Non operatori ma risorsa solidale
Ecco perché – e si tratta di un altro punto che verrà approfondito durante la conferenza di martedì – il Tavolo nazionale insiste sul valore della famiglia affidataria come “risorsa della solidarietà” e non come strumento delle istituzioni. Il grande rischio è che la generosità alla base del gesto solidale venga scambiata per momento programmato. Le famiglie accoglienti non operano nell’ambito di un servizio pubblico ma sono risorse che il servizio pubblico deve sostenere e valorizzare. Martedì, le proposte del Tavolo nazionale affido, saranno presentate da Valter Martini, Frida Tonizzo, Liviana Marelli, Enrica Pavesi e Alessandra Moscato.

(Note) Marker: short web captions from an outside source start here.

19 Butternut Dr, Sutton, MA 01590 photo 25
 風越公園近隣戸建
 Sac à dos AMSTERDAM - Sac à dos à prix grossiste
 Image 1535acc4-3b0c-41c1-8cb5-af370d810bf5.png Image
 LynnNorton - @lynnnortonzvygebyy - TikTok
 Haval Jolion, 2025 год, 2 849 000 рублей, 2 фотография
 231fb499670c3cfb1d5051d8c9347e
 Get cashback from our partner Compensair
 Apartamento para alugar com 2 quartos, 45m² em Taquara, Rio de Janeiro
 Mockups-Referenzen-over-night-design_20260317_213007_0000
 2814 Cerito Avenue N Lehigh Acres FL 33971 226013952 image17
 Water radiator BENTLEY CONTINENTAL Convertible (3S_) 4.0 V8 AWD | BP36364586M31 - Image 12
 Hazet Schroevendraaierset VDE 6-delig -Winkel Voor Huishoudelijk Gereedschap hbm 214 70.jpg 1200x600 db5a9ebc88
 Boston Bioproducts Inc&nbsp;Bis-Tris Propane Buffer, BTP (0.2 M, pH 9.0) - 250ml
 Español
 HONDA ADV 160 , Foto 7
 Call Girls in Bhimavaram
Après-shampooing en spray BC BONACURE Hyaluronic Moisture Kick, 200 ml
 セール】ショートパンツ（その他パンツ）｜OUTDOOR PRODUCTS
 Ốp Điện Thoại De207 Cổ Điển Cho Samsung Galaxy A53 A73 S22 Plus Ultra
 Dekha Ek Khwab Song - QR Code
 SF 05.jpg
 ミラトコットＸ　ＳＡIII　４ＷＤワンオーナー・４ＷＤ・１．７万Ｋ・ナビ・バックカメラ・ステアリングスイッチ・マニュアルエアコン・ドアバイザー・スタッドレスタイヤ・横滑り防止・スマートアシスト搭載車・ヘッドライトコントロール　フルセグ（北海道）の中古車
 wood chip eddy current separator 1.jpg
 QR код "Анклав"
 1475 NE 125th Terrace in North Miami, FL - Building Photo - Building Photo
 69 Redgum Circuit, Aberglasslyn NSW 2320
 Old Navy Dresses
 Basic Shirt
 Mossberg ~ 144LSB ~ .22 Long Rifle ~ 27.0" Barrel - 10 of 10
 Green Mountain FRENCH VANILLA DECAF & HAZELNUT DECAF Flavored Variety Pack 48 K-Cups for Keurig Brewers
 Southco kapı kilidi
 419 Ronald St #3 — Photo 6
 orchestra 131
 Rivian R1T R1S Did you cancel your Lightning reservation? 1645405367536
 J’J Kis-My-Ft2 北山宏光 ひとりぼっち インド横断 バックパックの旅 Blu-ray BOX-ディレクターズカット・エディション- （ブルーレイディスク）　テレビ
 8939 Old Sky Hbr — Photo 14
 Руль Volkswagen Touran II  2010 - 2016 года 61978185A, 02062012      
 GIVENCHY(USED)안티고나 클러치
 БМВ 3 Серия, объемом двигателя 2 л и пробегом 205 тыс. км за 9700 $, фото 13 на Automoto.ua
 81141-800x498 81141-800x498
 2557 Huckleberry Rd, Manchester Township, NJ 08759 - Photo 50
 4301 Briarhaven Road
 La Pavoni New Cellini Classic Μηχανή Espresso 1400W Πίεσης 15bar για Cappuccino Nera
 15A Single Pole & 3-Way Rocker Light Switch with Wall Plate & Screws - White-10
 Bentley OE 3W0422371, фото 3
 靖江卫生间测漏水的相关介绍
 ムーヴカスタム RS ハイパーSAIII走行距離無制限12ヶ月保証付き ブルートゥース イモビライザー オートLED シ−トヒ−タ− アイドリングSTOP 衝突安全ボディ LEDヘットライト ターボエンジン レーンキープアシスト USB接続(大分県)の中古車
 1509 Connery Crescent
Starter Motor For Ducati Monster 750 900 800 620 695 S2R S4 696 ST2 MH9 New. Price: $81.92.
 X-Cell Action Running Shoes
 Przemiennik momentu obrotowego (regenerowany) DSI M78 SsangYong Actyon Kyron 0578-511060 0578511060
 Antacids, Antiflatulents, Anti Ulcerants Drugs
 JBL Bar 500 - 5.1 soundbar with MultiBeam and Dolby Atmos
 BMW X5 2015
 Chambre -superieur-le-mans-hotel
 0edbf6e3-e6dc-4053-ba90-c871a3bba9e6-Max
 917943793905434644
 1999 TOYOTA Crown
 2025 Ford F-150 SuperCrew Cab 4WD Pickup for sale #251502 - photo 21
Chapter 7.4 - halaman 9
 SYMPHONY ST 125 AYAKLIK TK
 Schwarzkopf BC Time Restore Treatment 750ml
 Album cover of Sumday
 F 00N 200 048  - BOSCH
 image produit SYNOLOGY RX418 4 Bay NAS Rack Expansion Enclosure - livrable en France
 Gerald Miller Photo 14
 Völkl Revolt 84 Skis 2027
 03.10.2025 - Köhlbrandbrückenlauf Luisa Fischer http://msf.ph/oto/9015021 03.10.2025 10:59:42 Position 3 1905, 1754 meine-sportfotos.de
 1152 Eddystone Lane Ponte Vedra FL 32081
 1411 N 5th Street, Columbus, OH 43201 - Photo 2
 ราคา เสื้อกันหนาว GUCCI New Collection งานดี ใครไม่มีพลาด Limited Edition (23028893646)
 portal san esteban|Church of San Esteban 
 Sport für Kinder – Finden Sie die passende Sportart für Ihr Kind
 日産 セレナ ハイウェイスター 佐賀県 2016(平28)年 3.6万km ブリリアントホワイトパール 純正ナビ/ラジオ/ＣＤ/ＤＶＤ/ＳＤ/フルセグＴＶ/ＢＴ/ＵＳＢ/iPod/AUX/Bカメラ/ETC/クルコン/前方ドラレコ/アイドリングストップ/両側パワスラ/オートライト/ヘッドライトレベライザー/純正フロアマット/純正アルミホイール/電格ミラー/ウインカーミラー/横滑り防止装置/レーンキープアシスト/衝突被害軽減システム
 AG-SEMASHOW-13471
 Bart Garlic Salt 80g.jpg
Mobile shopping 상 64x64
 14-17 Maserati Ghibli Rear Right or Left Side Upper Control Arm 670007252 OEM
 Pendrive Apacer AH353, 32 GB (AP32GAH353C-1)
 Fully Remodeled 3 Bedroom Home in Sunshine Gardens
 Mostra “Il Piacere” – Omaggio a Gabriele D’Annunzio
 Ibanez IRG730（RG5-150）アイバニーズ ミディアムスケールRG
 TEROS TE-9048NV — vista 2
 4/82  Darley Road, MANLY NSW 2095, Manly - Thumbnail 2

Nuovi dati che non fanno ben sperare
Il confronto tra le associazioni e la politica potrà partire da una serie di dati aggiornati. Il ministero del Lavoro e delle Politiche sociali ha diffuso nei giorni scorsi i numeri relativi all’affido familiare e ai minori presenti in comunità e nei servizi residenziali per minorenni. Al 21 dicembre 2021 i ragazzi fuori famiglia erano complessivamente 27.329.
La precedente rilevazione (31 dicembre 2019) parlava di 27.608 minori. Quindi tra il 2019 e il 2021 gli affidi familiari vedono un -2,3% (da13.555 a13.248), mentre resta pressoché identico il numero di minori collocati in comunità (14.053 del 2019 rispetto ai 14.081 del 2021). Negli ultimi 25 anni il numero più alto di affidi familiari è stato toccato nel 2007, con 16.420 minori, quello più basso nel 2020, con 12.815, risultato dell’effetto Bibbiano. Il prezzo più alto è stato naturalmente pagato in Emilia Romagna, dove gli affidi sono calati del 18 per cento a livello regionale e del 32 per cento nella provincia di Reggio Emilia. Ora il calo limitato al 2,3 per cento a livello nazionale sembra segnare una piccola inversione di tendenza. Ma è azzardato affermare che il terremoto scatenato dall’inchiesta dell’estate 2019 è solo un ricordo del passato. Sia perché negli ultimi quattro anni il ricorso all’affido familiare è rimasto minoritario rispetto alla destinazione nei servizi residenziali - al contrario dei vent’anni precedenti - sia perché la parola fine sul caso dei presunti “affidi illeciti” la potranno scrivere solo i magistrati. E ci vorranno anche molti anni. Comunque troppi.